Le continent africain reste un créancier net vis-à-vis du reste du monde, qui influence pourtant ses prix de consommation et la valeur de ses monnaies. Toutefois, son accès aux marchés de capitaux pour financer sa souveraineté économique demeure limité, sans justification claire, selon la Banque africaine de développement (BAD).
Lors de la présentation des perspectives économiques 2025 pour l’Afrique, le professeur Kevin Chika Urama, économiste en chef et vice-président de la BAD, a rappelé que le continent perdait, selon les chiffres de 2022, plus de 587 milliards de dollars américains par an du fait de la fuite des capitaux.
Ces pertes s’expliquent notamment par une perception exagérée du risque, entraînant 79 milliards de dollars américains de coûts supplémentaires en primes, ainsi que par des flux financiers illicites liés à des pratiques telles que la manipulation des prix et d’autres activités illégales, qui représentent environ 90 milliards de dollars américains. Les principales sources de fuite restent cependant la corruption (148 milliards de dollars américains) et les transferts irréguliers de bénéfices réalisés par les multinationales (275 milliards de dollars américains).
En comparaison, l’Afrique reçoit seulement 190,7 milliards de dollars américains par an via les investissements directs étrangers, la dette, les transferts de la diaspora et l’aide publique au développement. Ce déséquilibre contribue à entretenir une image erronée d’un continent surendetté, alors qu’il s’agit d’un créancier net.
Paradoxalement, malgré des besoins importants pour financer les infrastructures et soutenir le développement, le continent peine à attirer davantage de capitaux. En 2023, les sources de financement extérieur ont globalement reculé, à l’exception des investissements en portefeuille.
Ces ressources extérieures pourraient pourtant favoriser une plus grande souveraineté économique, réduire la dépendance aux importations, limiter les pressions inflationnistes, alléger la charge de la dette et renforcer la résilience face aux chocs climatiques.
La faiblesse des capacités fiscales nationales est souvent mise en avant pour expliquer les budgets publics limités. Cependant, le rôle des multinationales dans l’érosion de la base imposable reste largement sous-estimé. Des ONG comme Tax Justice Network dénoncent depuis des années l’opacité du système financier mondial, facilitant l’évitement fiscal à grande échelle.
Face à cette situation, les pays africains ont adopté certaines recommandations de l’OCDE, comme la transparence comptable pays par pays et l’instauration d’un impôt minimum.
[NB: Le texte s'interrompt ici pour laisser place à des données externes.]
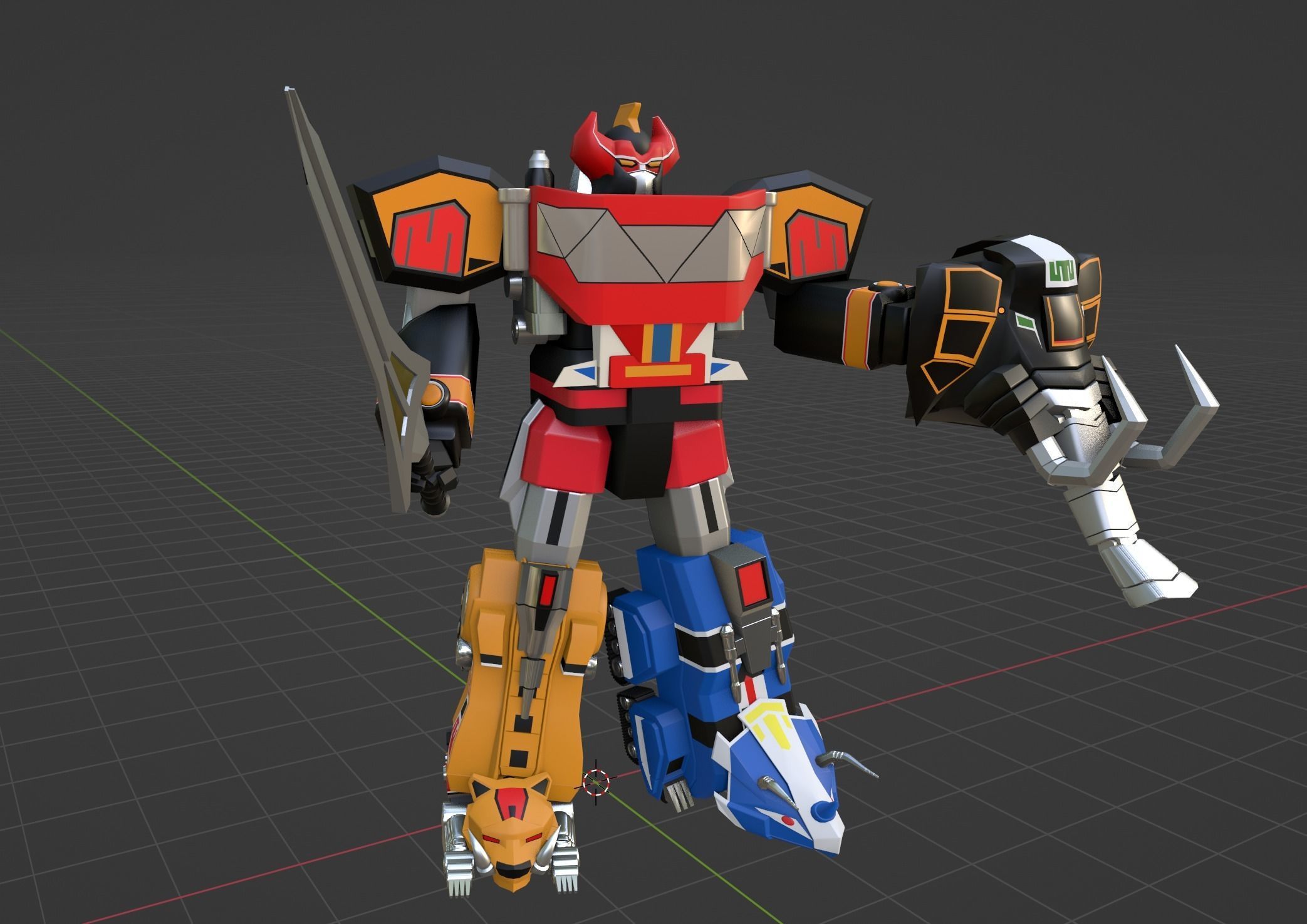 Megazord Battle Mode - Power Ranger Low-poly 3D model_5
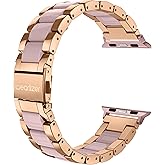 Wearlizer Compatible with Apple Watch Band 38/40/41/42mm Fashion Wristbands Women, Stainless Steel + Resin Metal Replacement for iWatch Series 11 10 9 8 7 6 5 4 3 SE/Ultra 3 2 1-Dark Rose Gold+Pink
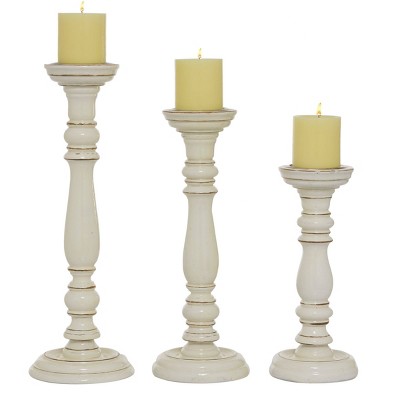 Set Of 3 White Wooden Candle Holders, Distressed White Wooden Pillar Candle Holders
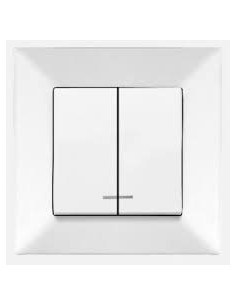 Выключатель 2скр. Meridian 970102 белый с подсветкой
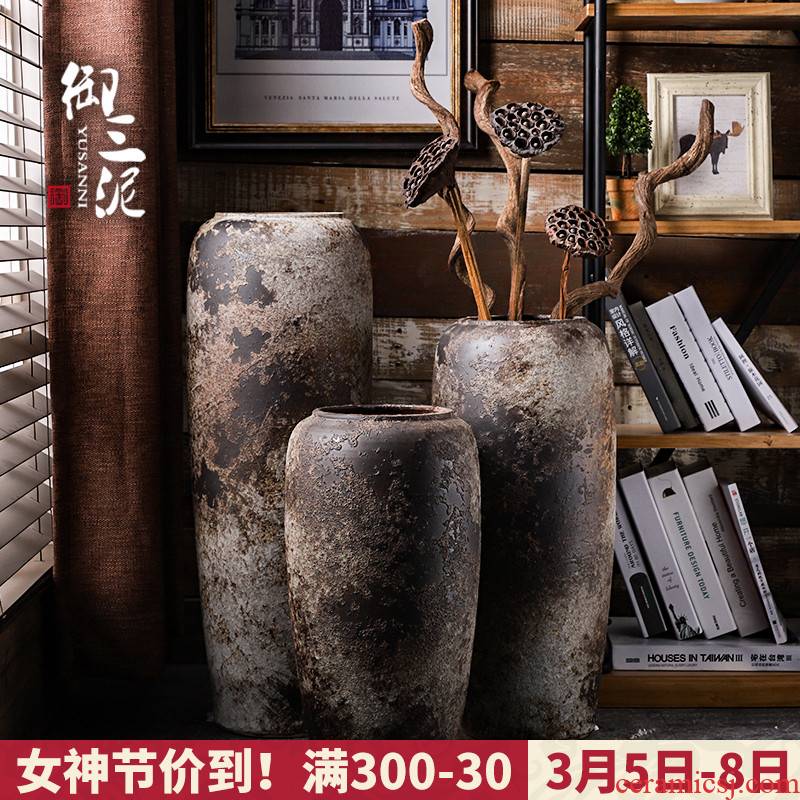 Ground vase large rural Chinese style restoring ancient ways is inserted dried flowers coarse pottery sitting room hotel villa clay ceramic furnishing articles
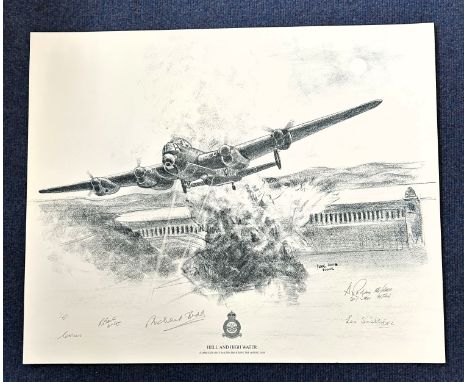 WW2. Five Signed Black and White Limited Edition 1 of 50 Print Titled Hell and High Water. Signed in pencil by Richard Todd, 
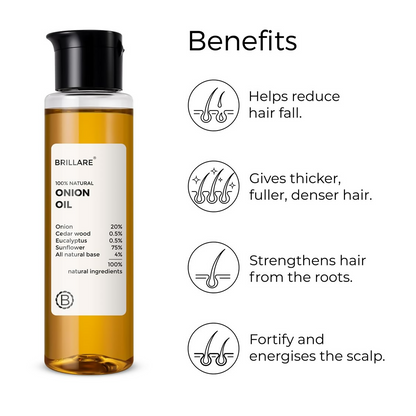 Brillare Onion Hair Oil with the Goodness Of Cedar Wood & Sunflower Oil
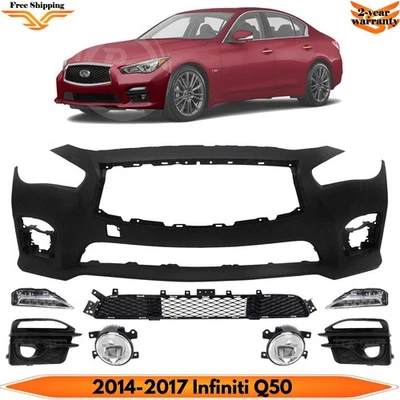 Front Bumper Cover Primed Plastic & Fog Lights Kit For 2014-2017 Infiniti Q50 Foto 1 de 4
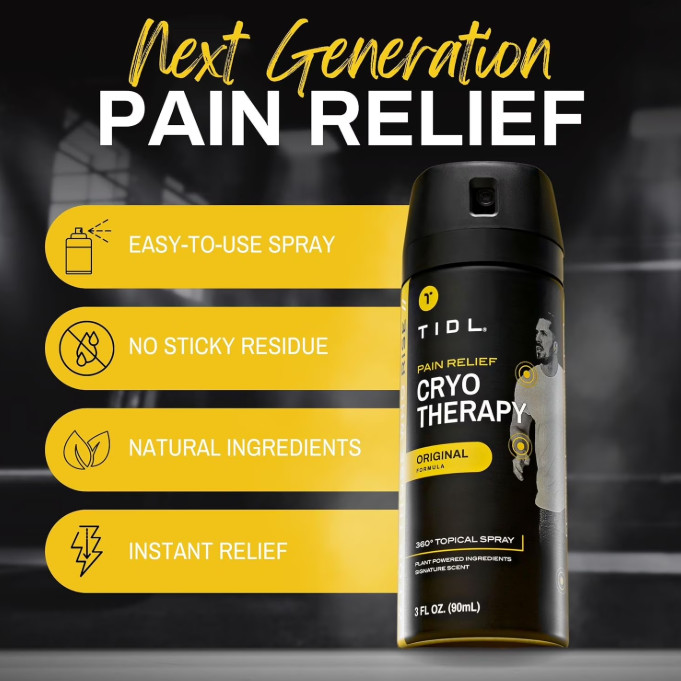 (2 pack) TIDL Cryotherapy Menthol Topical Pain Relief Spray, 3 fl oz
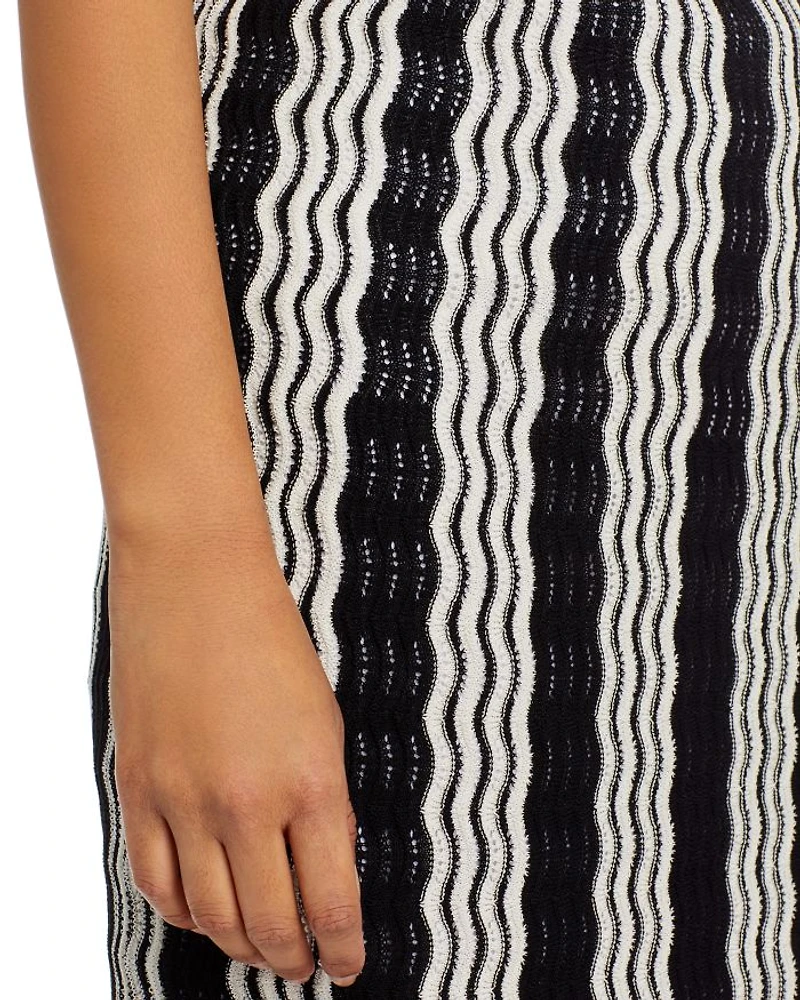 Pointelle Intarsia Knit Midi Skirt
Toutefois, ces dispositifs peinent à produire des résultats, même dans les pays du G20.
Parmi les solutions évoquées pour limiter les pertes, le renforcement des règles de transparence financière, à l’échelle nationale et internationale, est jugé essentiel. Le professeur Urama a également insisté sur la nécessité de revoir l’évaluation du risque associé à l’Afrique, qui présente pourtant un taux de défaut sur les projets d’infrastructure parmi les plus faibles au monde (1,9 %, contre 12,4 % en Europe de l’Est et 4,6 % en Europe de l’Ouest).